If the task fails to start, first make configuration changes according to the prompt messages from the returned result, and then run the start-task task.yaml subcommand in tiup dmctl to restart the task. If you encounter problems, see Handle Errors and TiDB Data Migration FAQ.

Check the migration status

You can check if there are running migration tasks in the DM cluster and their status by running the query-status command in tiup dmctl.

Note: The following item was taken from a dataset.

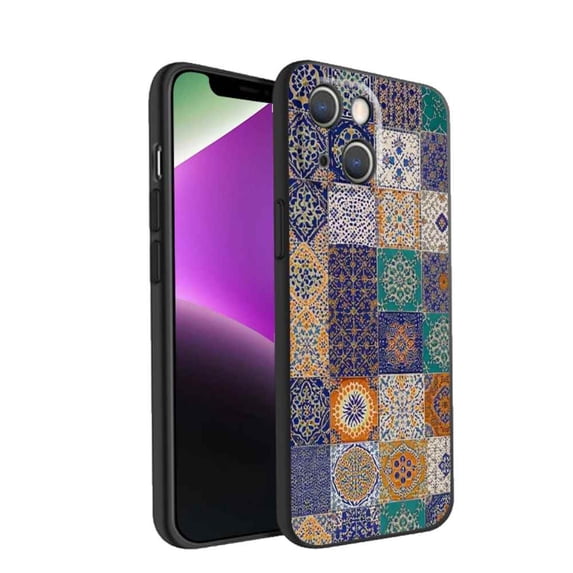 tile-aesthetic Phone Case, Degined for iPhone 14 Plus Case Men Women, Flexible Silicone Shockproof Case for iPhone 14 Plus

tiup dmctl --master-addr ${advertise-addr} query-status ${task-name}

For more information, see Query Status.

Monitor tasks and view logs

You can view the history of a migration task and internal operational metrics through Grafana or logs.

  • Via Grafana

    If Prometheus, Alertmanager, and Grafana are correctly deployed when you deploy the DM cluster using TiUP, you can view DM monitoring metrics in Grafana. Specifically, enter the IP address and port specified during deployment in Grafana and select the DM dashboard.

  • Via logs

    When DM is running, DM-master, DM-worker, and dmctl output logs, which includes information about migration tasks. The log directory of each component is as follows.

    • DM-master log directory: It is specified by the DM-master command line parameter --log-file. If DM is deployed using TiUP, the log directory is /dm-deploy/dm-master-8261/log/.
    • DM-worker log directory: It is specified by the DM-worker command line parameter --log-file. If DM is deployed using TiUP, the log directory is /dm-deploy/dm-worker-8262/log/.